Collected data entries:
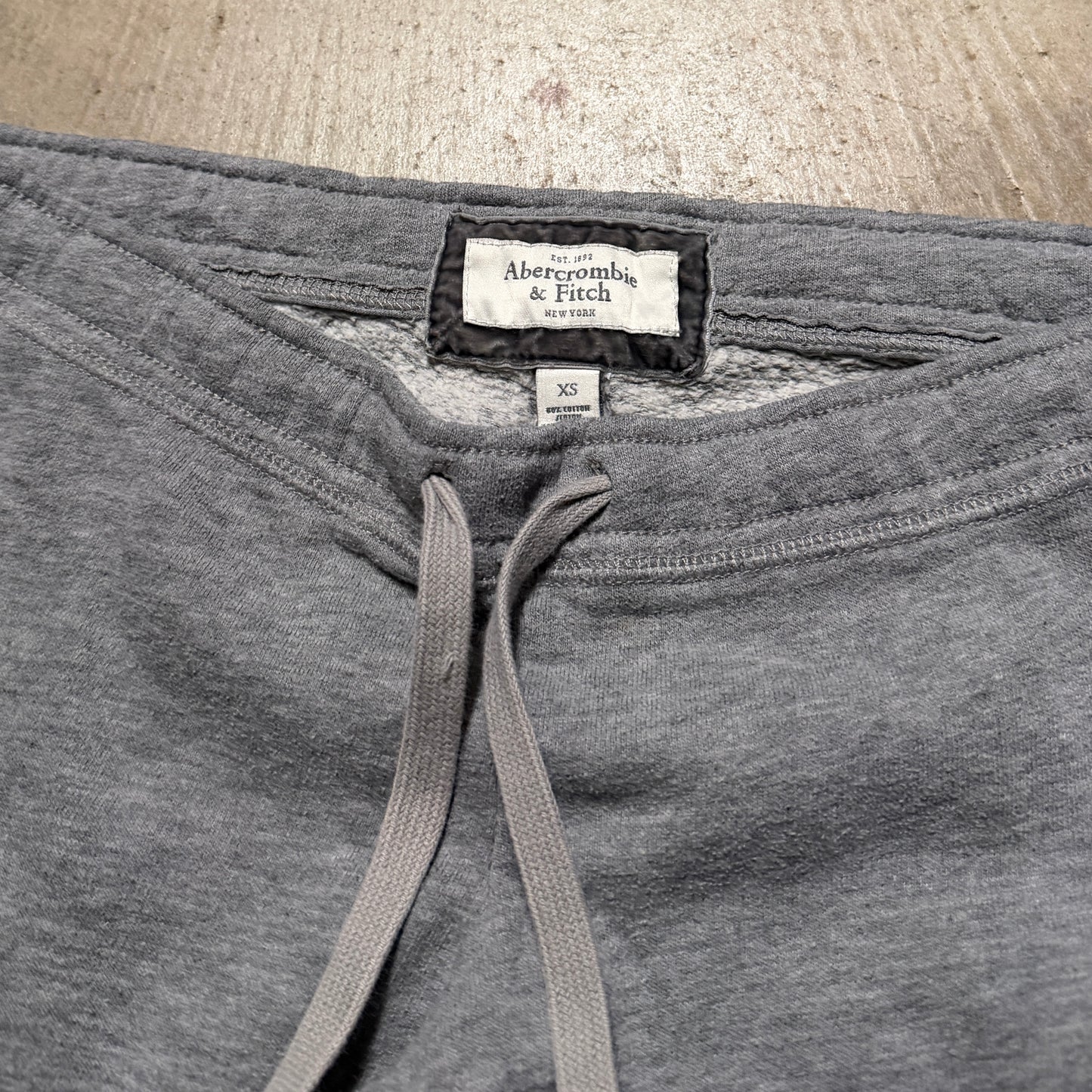 (XS) ladies Abercrombie & fitch New York 1892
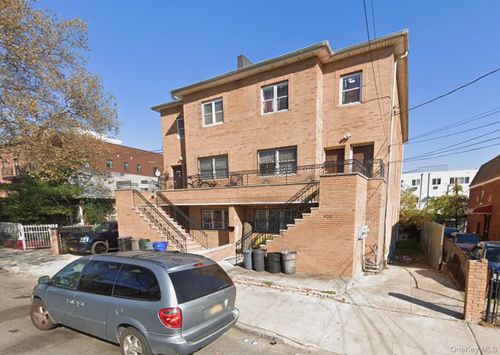 0000000000000000-933 Cleveland St, Brooklyn, NY, 11208-5217 | Card Image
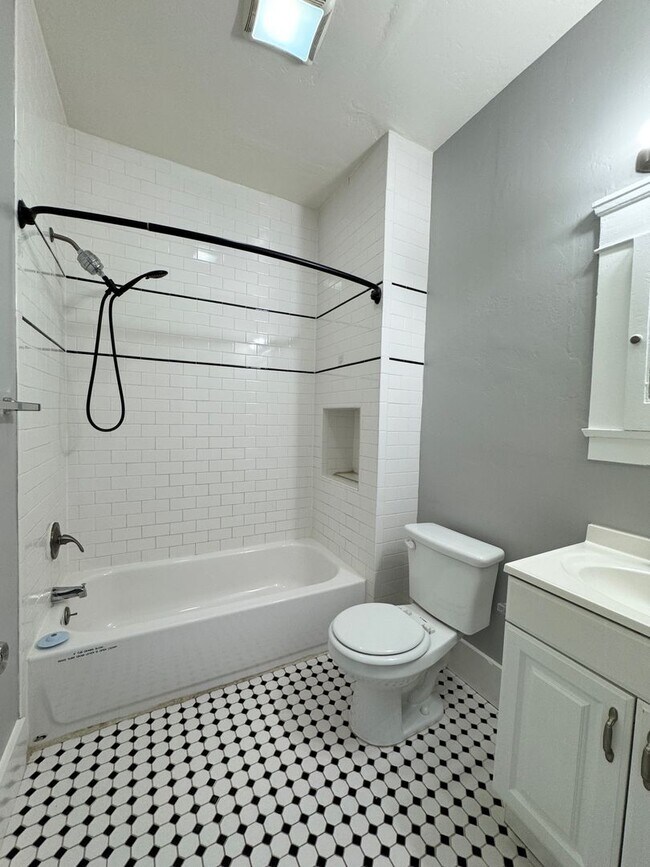 Building Photo - 2129 B St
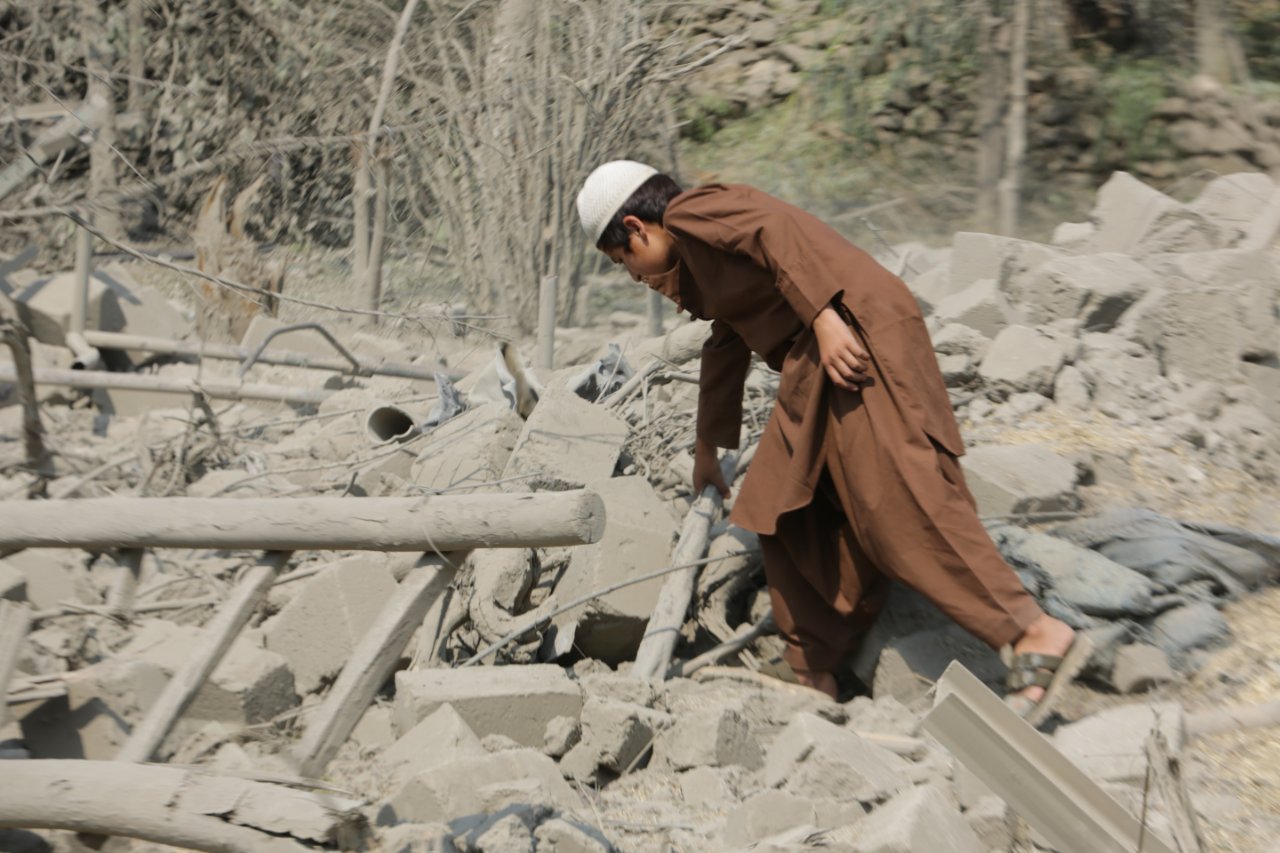 Pakistandan Afganistan topraklarında hava saldırısı! 28 kişi öldü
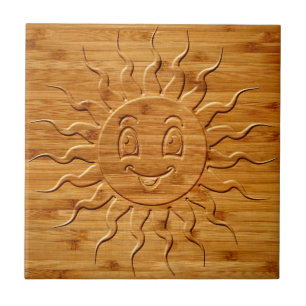 Impressão De Face Solar Sorrindo Esculpida Em Mad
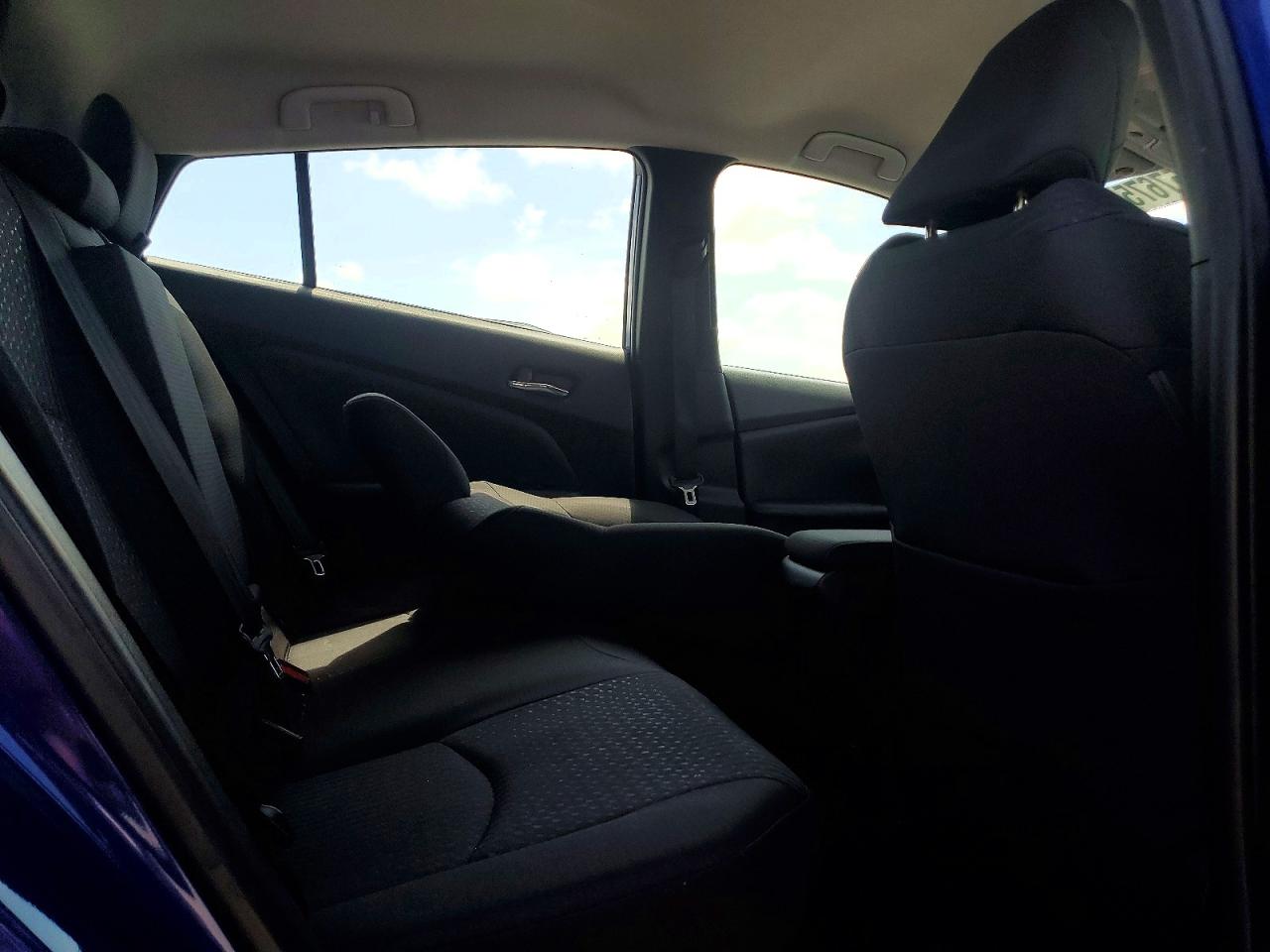 2016 TOYOTA PRIUS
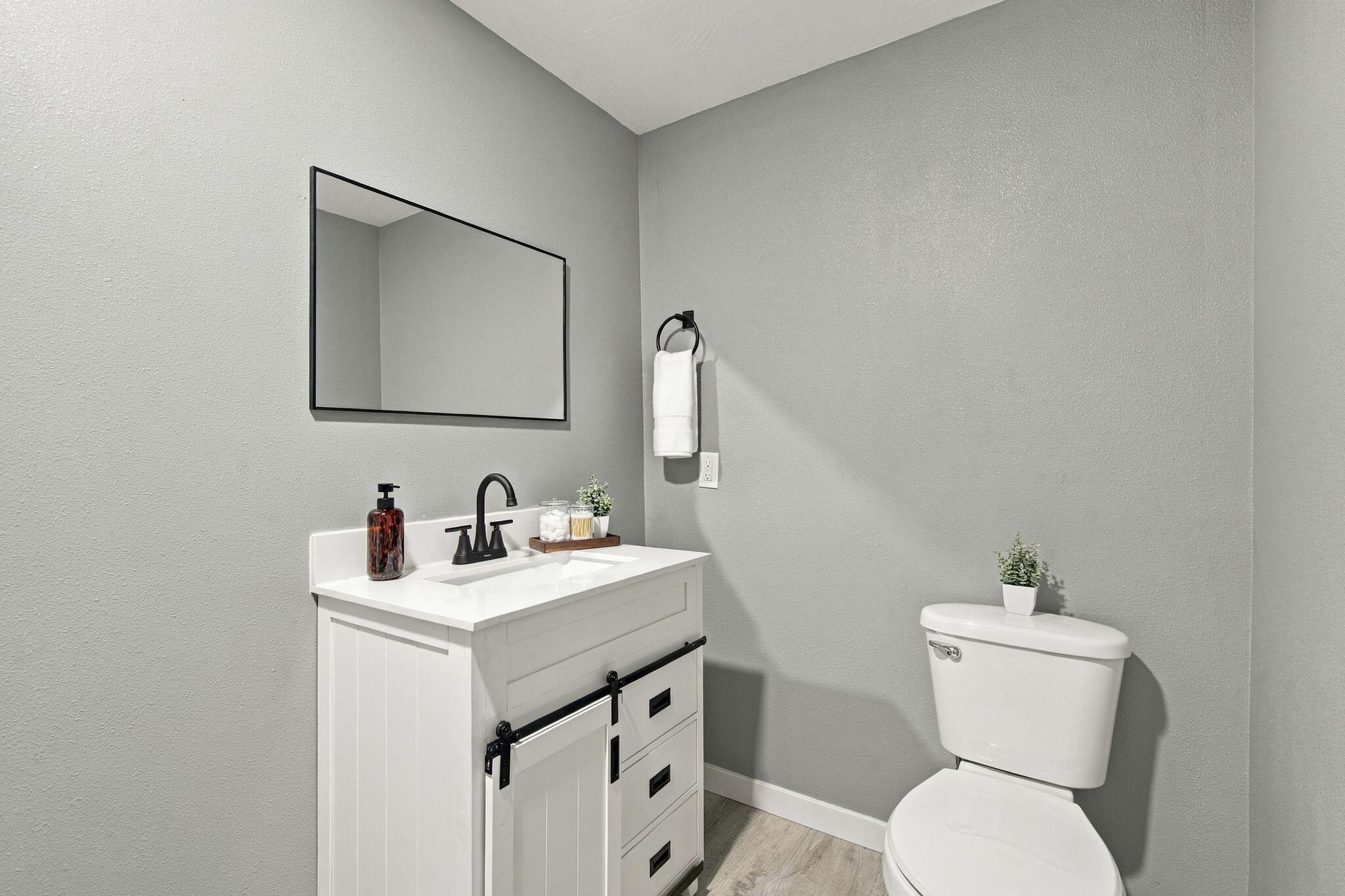 108 West Pleasant Street Property Photo 19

Work to complete -
Pictures are not part of the copy. Extract exactly the lines from the line containing "Building Photo - 2129 B St" through the final line of the entries above, both included.

Response -
 Building Photo - 2129 B St
 Pakistandan Afganistan topraklarında hava saldırısı! 28 kişi öldü
 Impressão De Face Solar Sorrindo Esculpida Em Mad
 2016 TOYOTA PRIUS
 108 West Pleasant Street Property Photo 19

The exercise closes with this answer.